BEDMINSTER, N.J.– NUI Corporation (NYSE:NUI) today said that it is disappointed with the decision by Moody’s Investors Service to downgrade NUI Corporation’s holding company (“NUI” or “the Company”) credit rating to B1 and NUI Utilities (“Utilities”) credit rating to Ba1. The Company noted that Moody’s stated this action concludes the reviews on both NUI Corporation and NUI Utilities.
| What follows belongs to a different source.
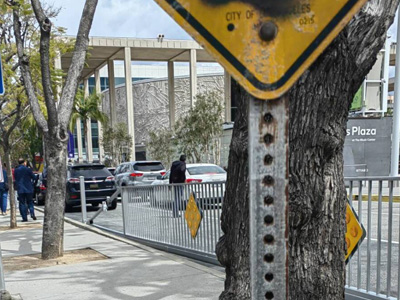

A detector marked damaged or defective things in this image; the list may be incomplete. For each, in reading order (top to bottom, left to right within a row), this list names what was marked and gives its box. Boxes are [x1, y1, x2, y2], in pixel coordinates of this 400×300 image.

rusty sign surface [155, 0, 368, 98]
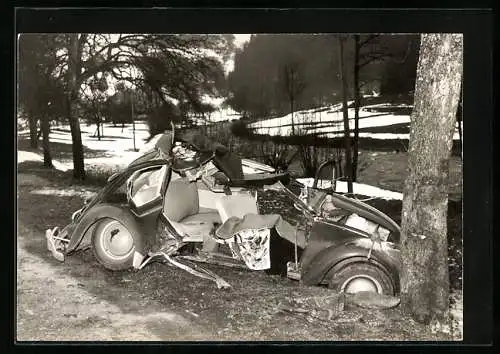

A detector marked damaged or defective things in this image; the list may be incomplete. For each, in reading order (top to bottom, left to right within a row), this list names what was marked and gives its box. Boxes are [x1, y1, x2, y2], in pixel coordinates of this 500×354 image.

“We do not understand Moody’s decision to take action at this time due to the considerable progress we have made since they took a similar action in March. As cited by Moody’s, we have successfully procured the continued support of our bank lenders and senior note holders, we are in the process of implementing separate bank account structures for NUI and Utilities, which should be operational during the fourth quarter of fiscal 2003, and we have made progress in improving internal control systems. In addition, we are in the process of continuing to reduce our business risk by exiting under-performing or non-strategic businesses,” stated John Kean, Jr., President and Chief Executive Officer. “Continuing the sale of non-strategic or under-performing assets, ensuring that our balance sheet remains strong and enhancing the financial performance of our remaining operations are key objectives for this year.”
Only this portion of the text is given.